Start this docker image.
wget https://raw.githubusercontent.com/rappoccio/ubccr-cms/master/runUBCCRCMS.sh
chmod a+x runUBCCRCMS.sh
./runUBCCRCMS.sh 8888 srappoccio/ubccr-cms:latest
Within the docker image:
jupyter notebook --ip 0.0.0.0 --no-browser
Then point your webbrowser to the instance (if you are local, try localhost).
Open the quickplots notebook within the notebook and execute it.
Network Builder: Builds common network architectures
Analysis Helper: Defines LRP functions and relevance bar plot function
We start by generating toy model data. The z and theta distibutions for signal are derived from a normal distribution and the z and theta for the background sample are derived from an exponential disttibution. To run this scipt, we first connect to UBCCR image that supports coffea
sudo ./runUBCCRCMS.sh srappoccio/ubccr-cms:latest
and once you have a port, start the jupyter notebook:
jupyter notebook --ip 0.0.0.0 --no-browser
To produce training and testing samples run the notebook - makeJetImages.ipynb This will produce seperate files for training and testing samples that inclues toy signal and background events.
When training, testing, or analyzing the networks with LRP, we need to use the innvestigate_tensorflow docker image. (Using tensorflow version 1.)
sudo ./runUBCCRCMS.sh srappoccio/innvestigate_tensorflow:latest
Within the docker image:
jupyter notebook --ip 0.0.0.0 --no-browser
For 2D CNN we train 2 different kinds of models: one with image as imput and another with image ans XAUGs. Both can be built, initialised, trained and evaluated using CNN_2D.ipynb. This sript also produces some elementary plots to visualise the model performance.
Next, we can run LRP on the trained model to learn the relevance of an input in the NN decision. Depending on the model we are interested in we have two seperate scrpits:
Both scrpits run LRP on the models and produce plots to visualize the relevance of each input variable.
Start by preprocessing the pythia files. (Preprocessing explained in detail in our paper )

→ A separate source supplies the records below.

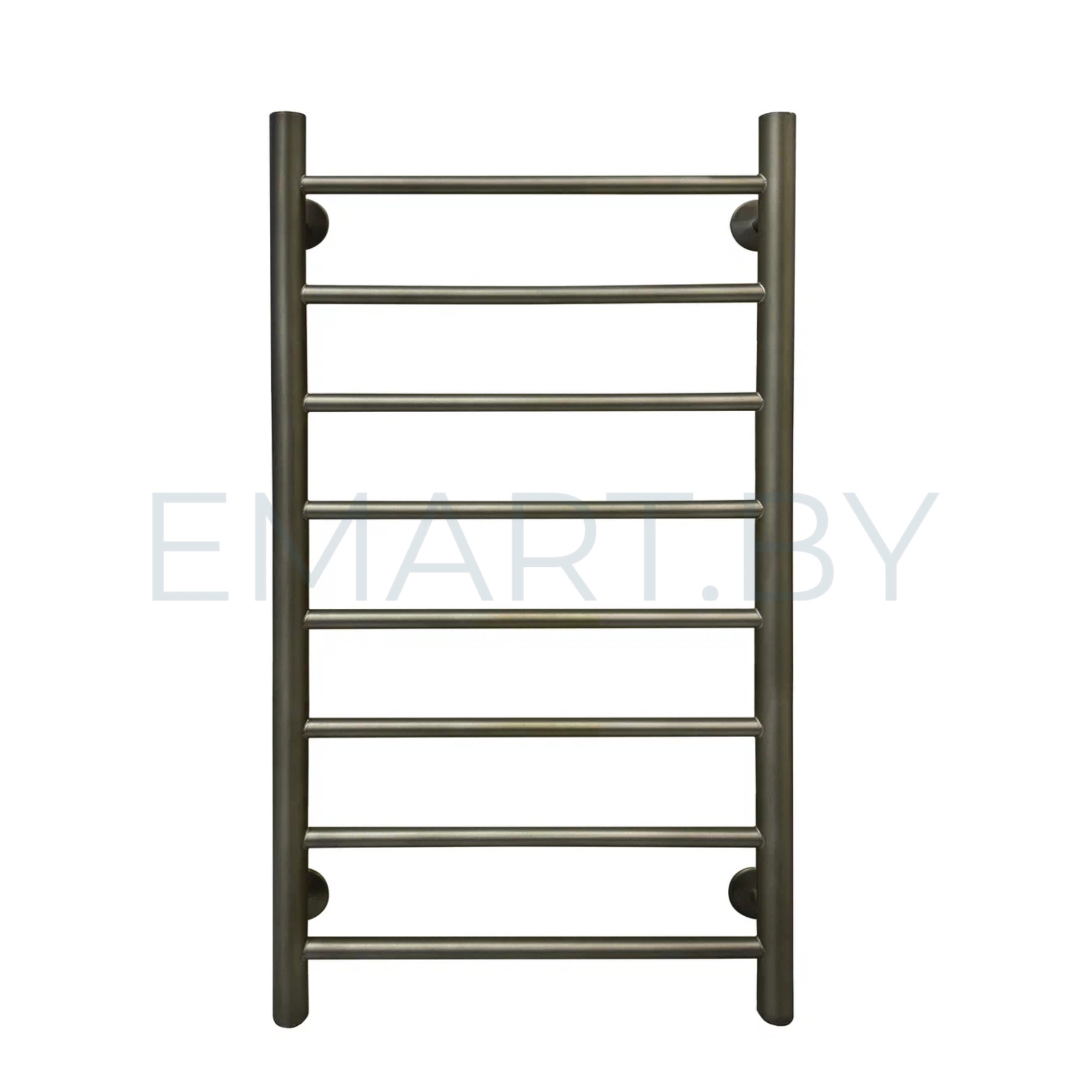 Виктория (нижн,подв, 1" резьба) 500 x 800 / 8 Ral Оружейная сталь Титан - фото2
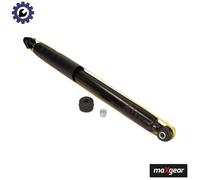 Shock absorber Rear Axle Bottom eye 11-0250 MAXGEAR for MERCEDES-BENZ E-CLASS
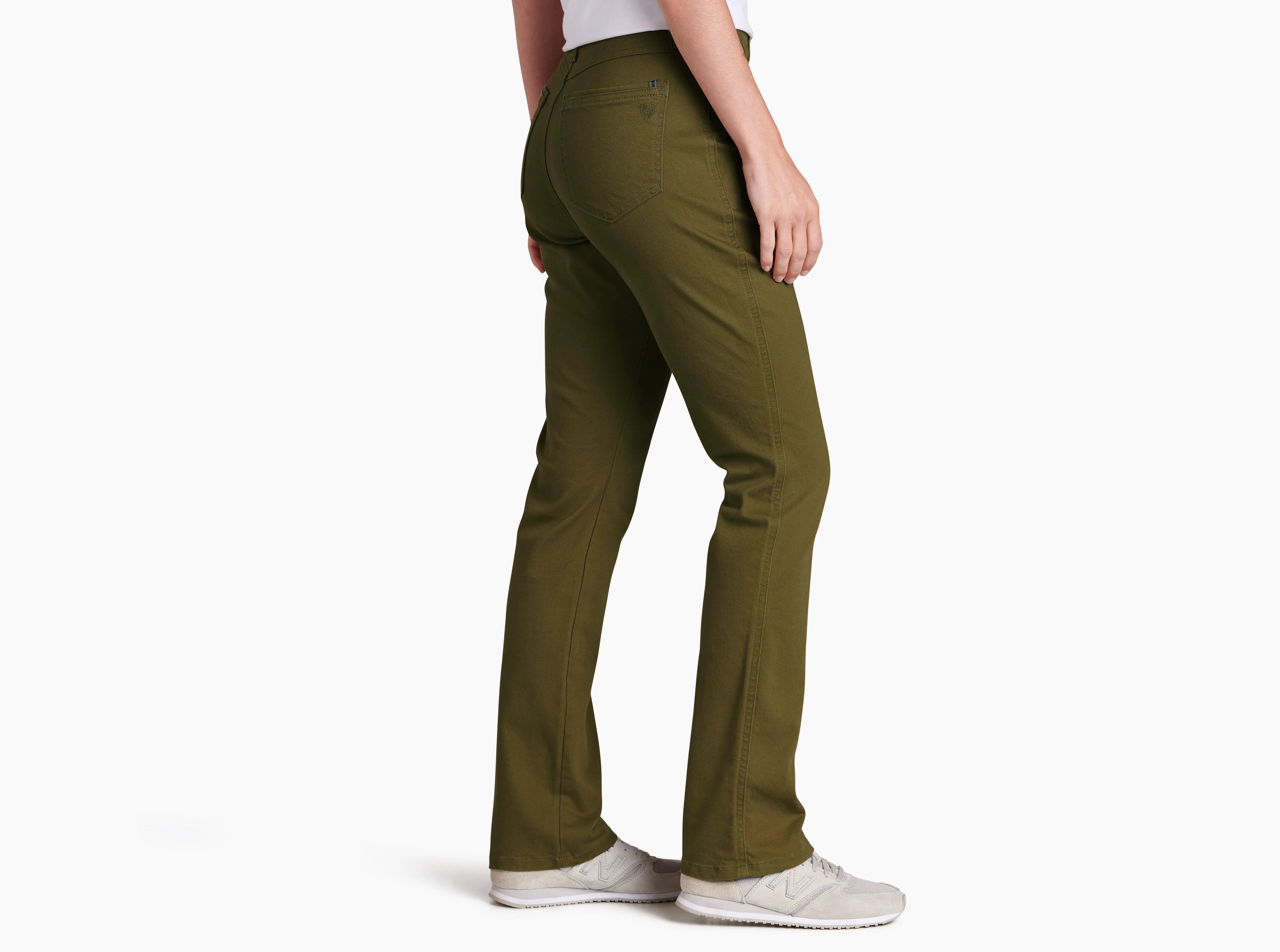 Kontour™ Straight
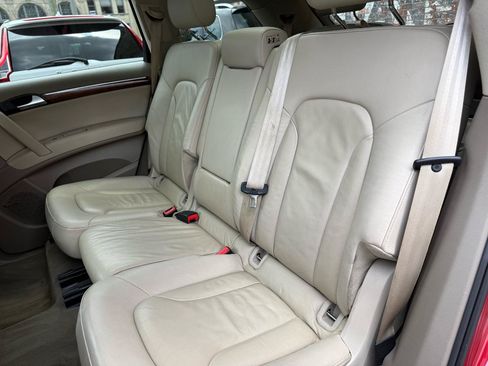 Used 2008 Audi Q7 3.6 Premium AWD/4WD image 7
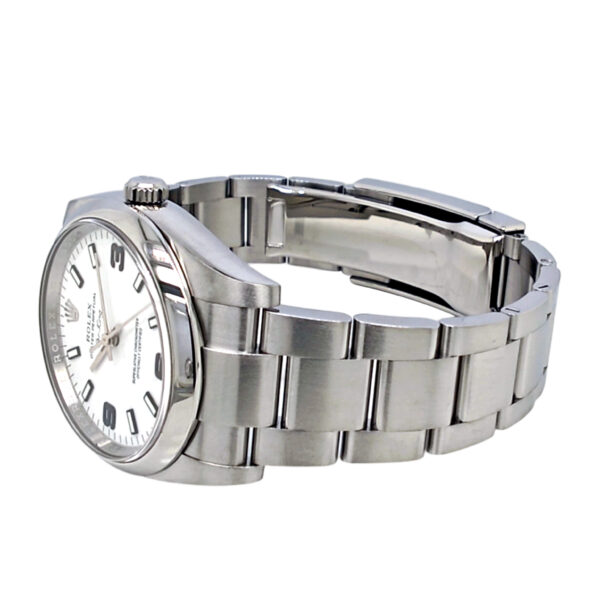 Rolex Air-King 114200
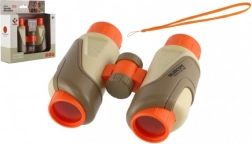 Kinder verrekijkers Outdoor Explorer met draaizoom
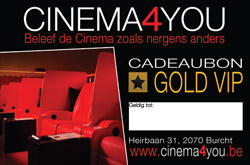Gold Vip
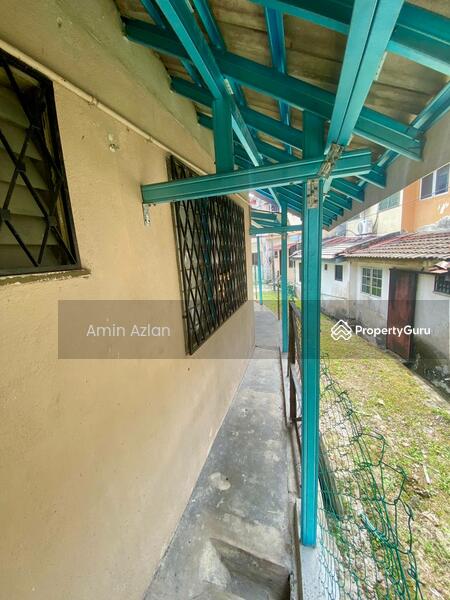 2-storey Terraced House for Sale in Batu Caves (Selangor) - Amin Azlan - Corridor - PropertyGuru.com.my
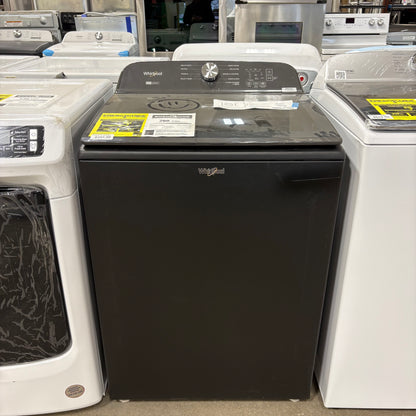 Whirlpool Top Load Washer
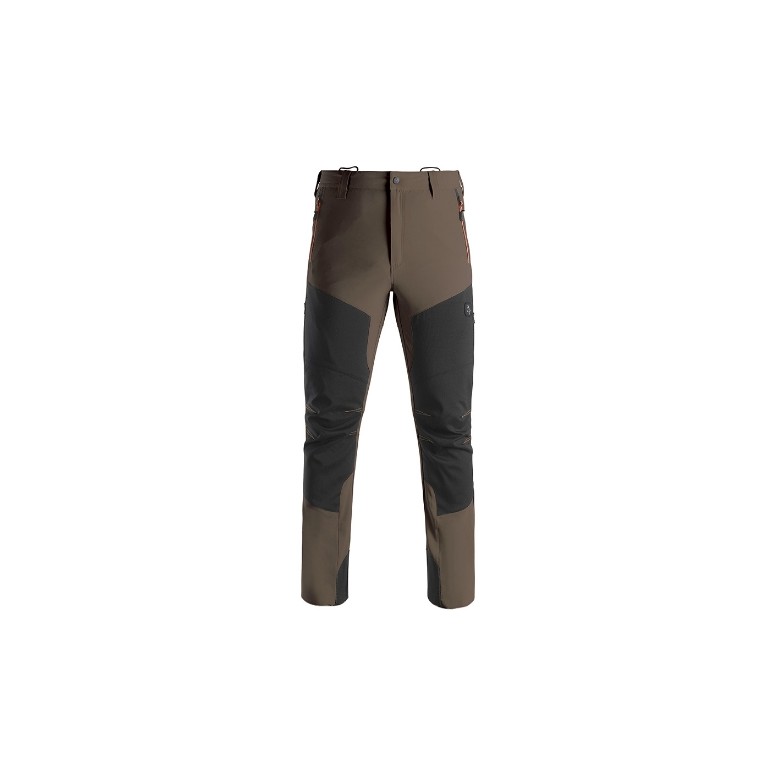 Pantalon de travail Kapriol Tech 136962 Stretch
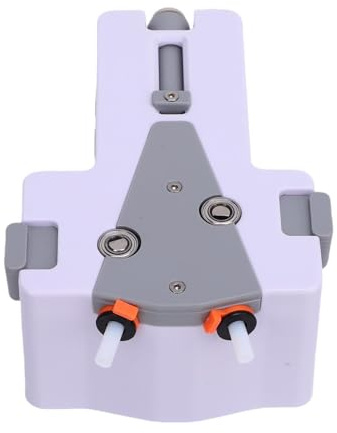 VBESTLIFE Filament Buffer for CREALITY K1 K2 Bambus Lab, Sistemas de Alimentación Automática de 1.75 Mm con Doble Entrada, Impresión Ininterrumpida y Recuperación de Filamentos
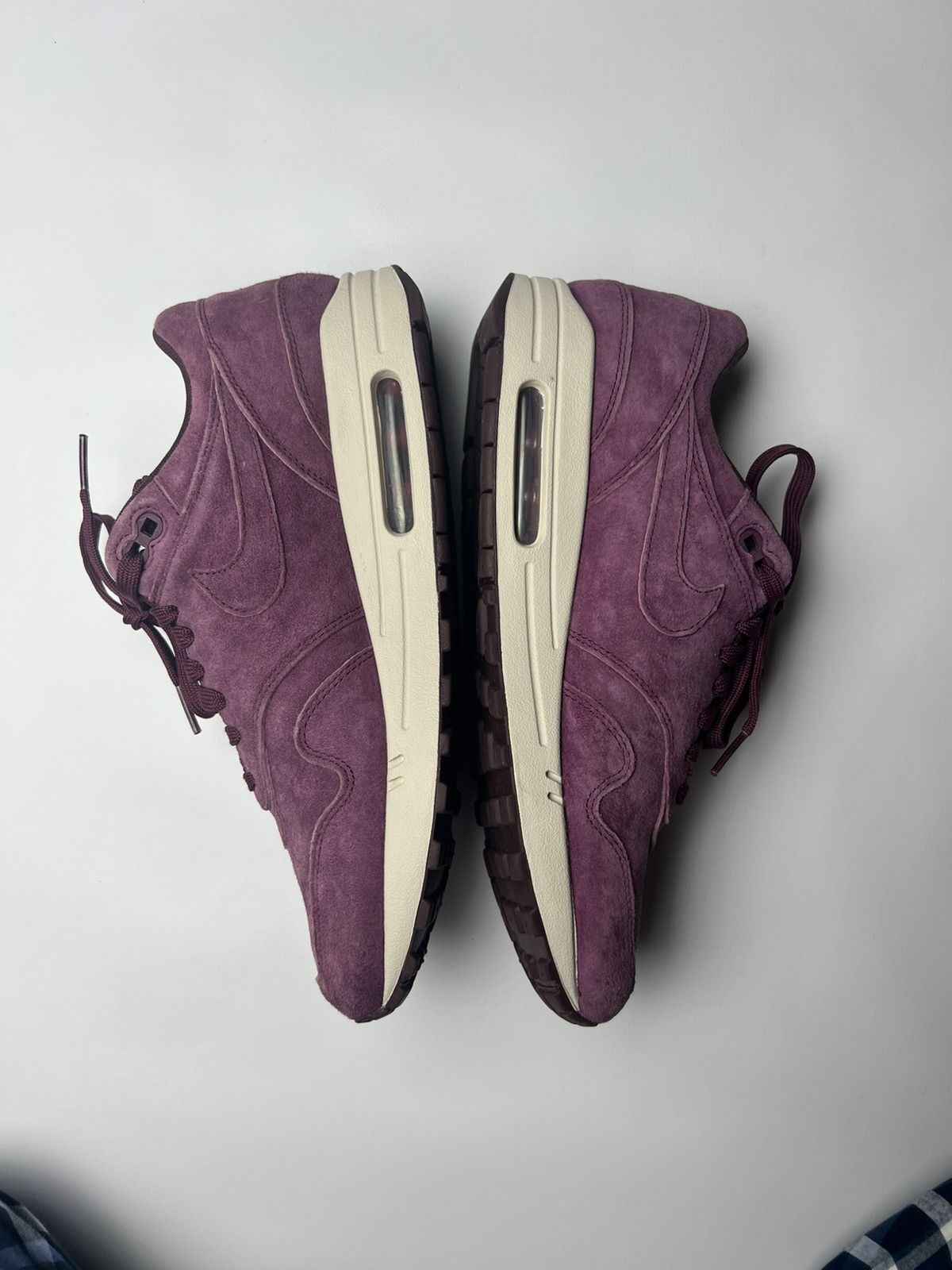 Nike × Parra × Patta NikeLab Air Max 1 Prm 2018 Bw Fragment ACG Clot Atmos Tn Size US 9 / EU 42 - 13 Thumbnail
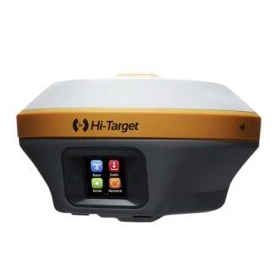 GPS Geodetik RTK Hi-Target IRTK5 / Geodetik Hi-Target V200 RTK GNSS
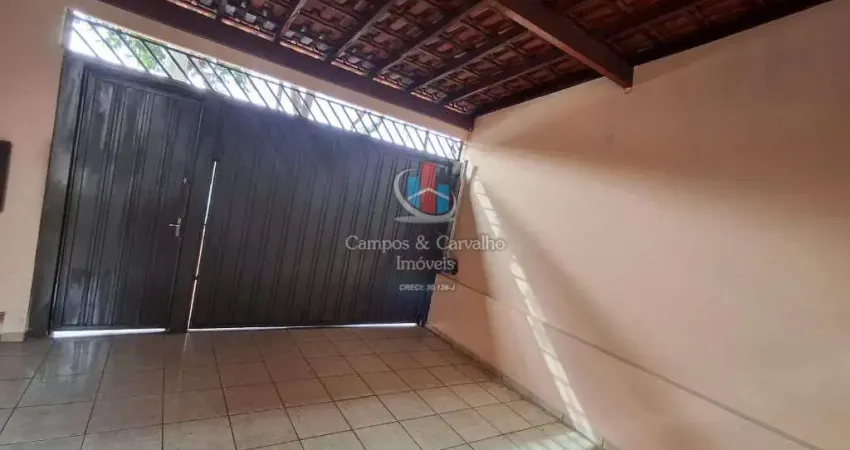 Casa com 3 quartos à venda na Vila Virgínia, Ribeirão Preto 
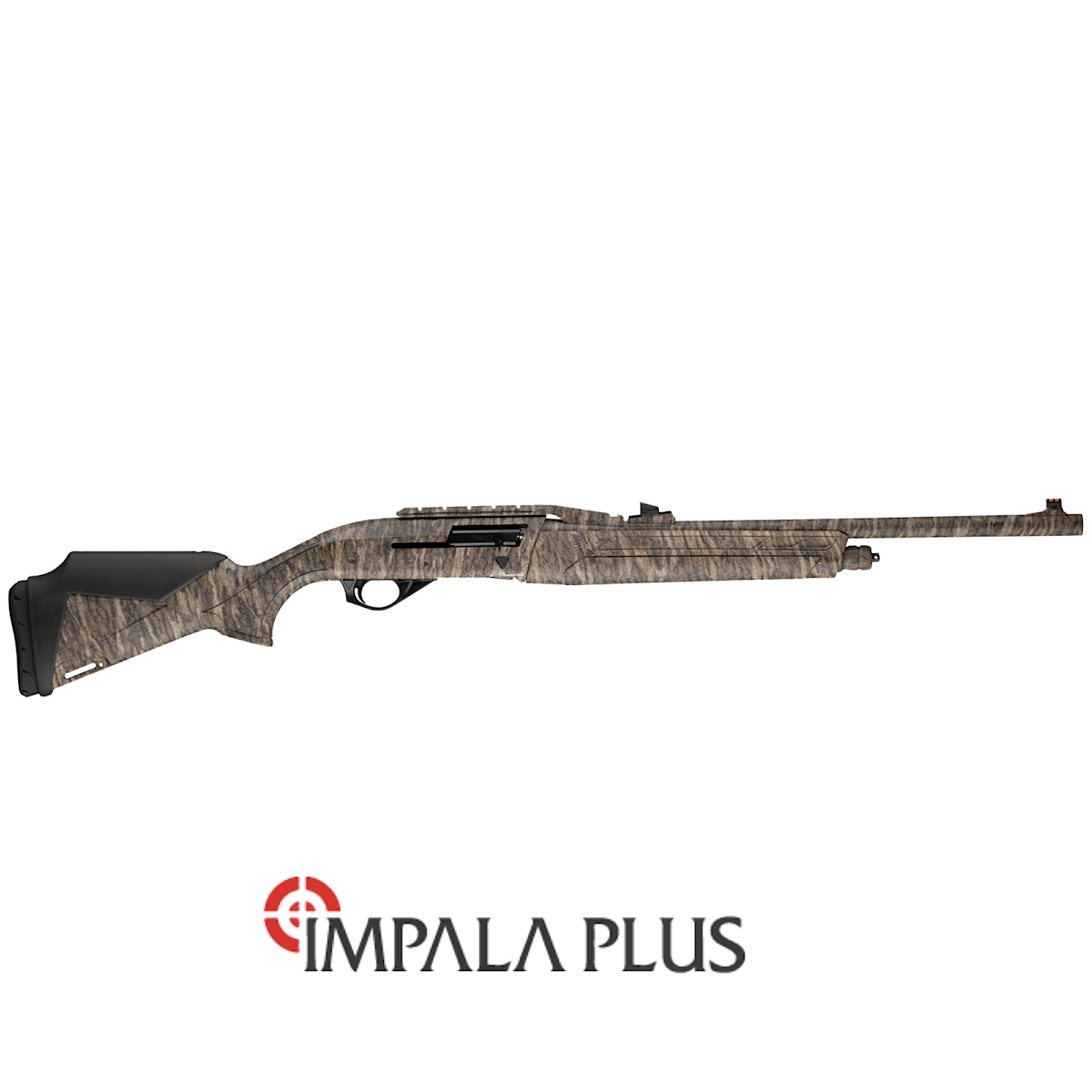 Impala Plus CAMO BOTTOMLAND Otomatik Av Tüfeği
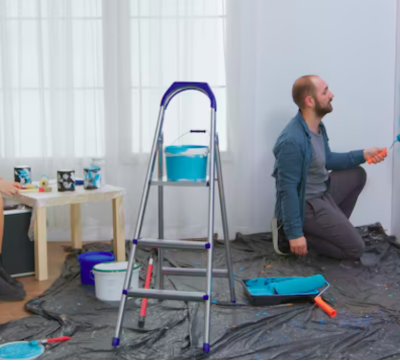 Fresh Coats and New Beginnings: Key Factors for Choosing Home Painting Services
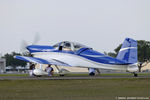 N91TP @ KLAL - Vans RV-7  C/N 73654, N91TP - by Dariusz Jezewski www.FotoDj.com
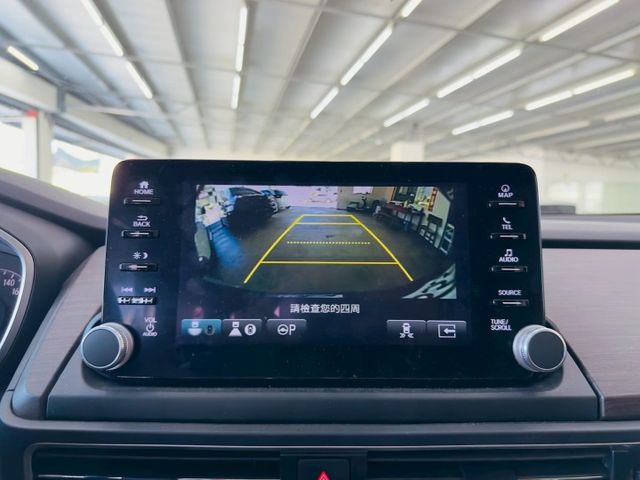 登峰版 原廠保固中 配備~I-KEY/單電動座椅/天窗/電尾門/ACC/CARPLAY/車道偏離/雙電動滑門(北安店)  第11張相片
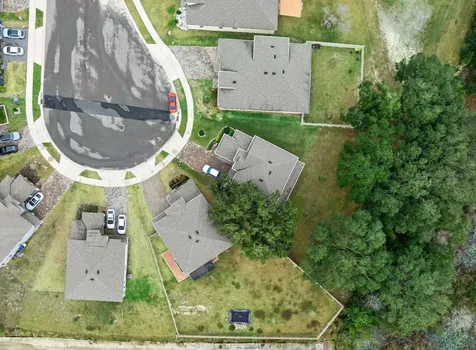 594 Via Bella Court Howey In The Hills FL 34737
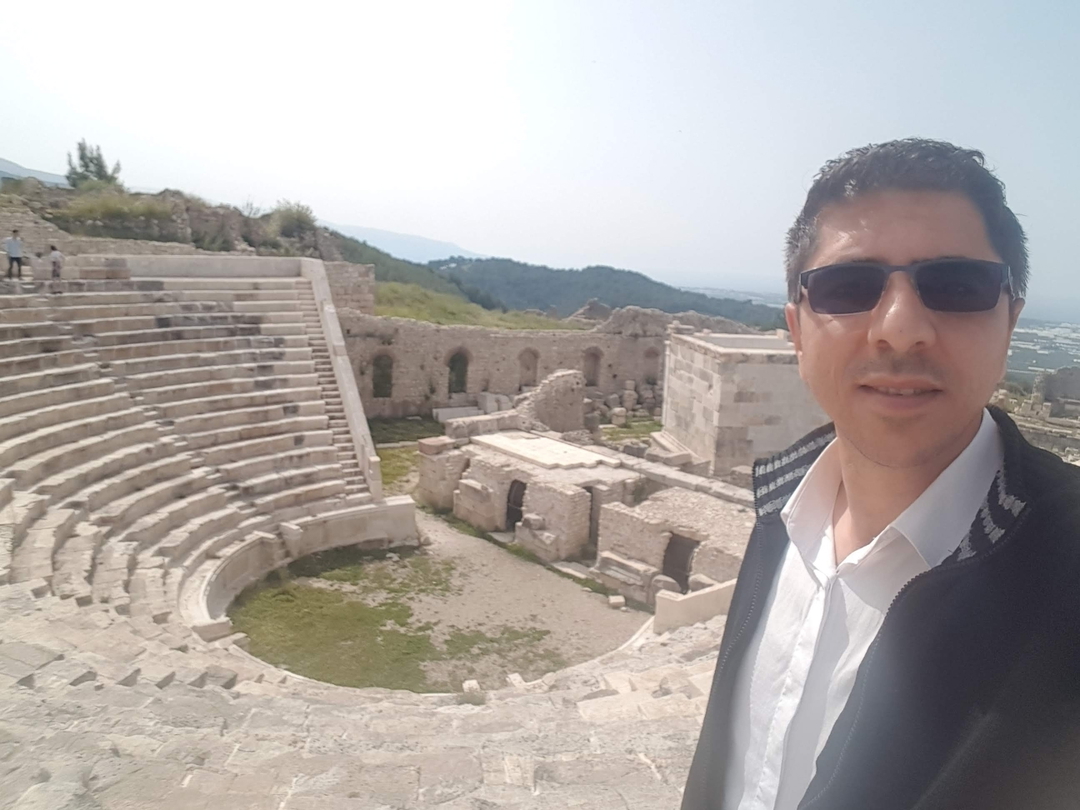 İlhan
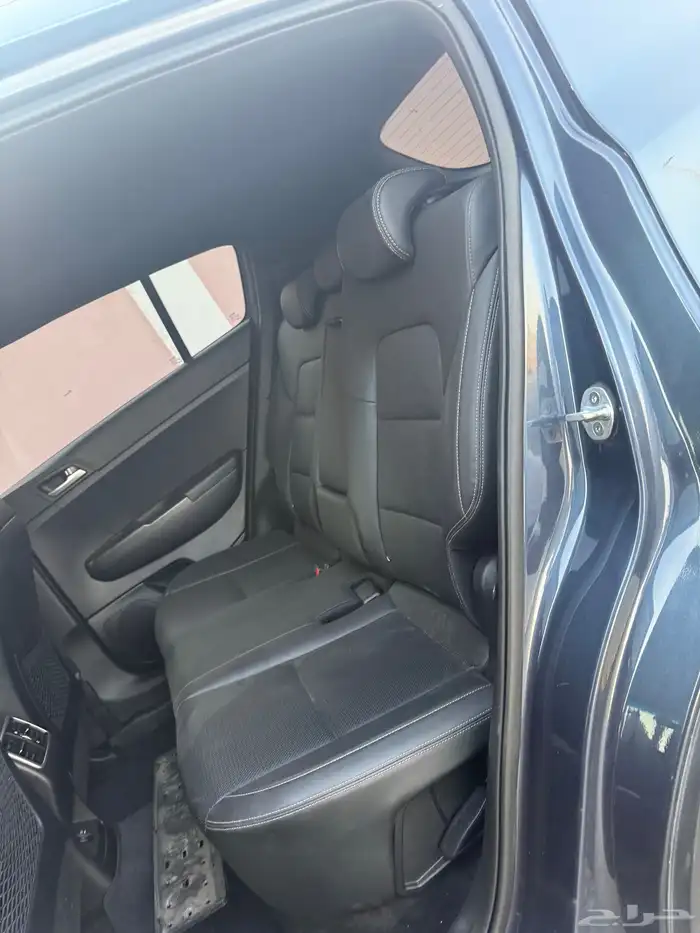 كيا_سبورتاج_2020_فل_ديزل 35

First, connect to the UBCCRCMS docker image
sudo ./runUBCCRCMS.sh srappoccio/ubccr-cms:latest
Within the docker image:
jupyter notebook --ip 0.0.0.0 --no-browser
Run Showjets.ipynb
This will:
- Select the leading jet and keep its leading 20 constituents
- Select the variables of interest
- Rotate, center, and scale the image
- Save npz files
Run CNN_Data_preprocess_all.ipynb
This will:
- Normalize the single-variable inputs
- Create test and train datasets for signal (Z to bb) and background (QCD)
When training, testing, or analyzing the networks with LRP, we need to use the innvestigate_tensorflow docker image. (Using tensorflow version 1.)
sudo ./runUBCCRCMS.sh srappoccio/innvestigate_tensorflow:latest
Within the docker image:
jupyter notebook --ip 0.0.0.0 --no-browser
- Plot the inputs: CNN_Data_plotting.ipynb
- Build the models: CNN_fit_model.ipynb
- Test the models and analyze with LRP: CNN_Analyze.ipynb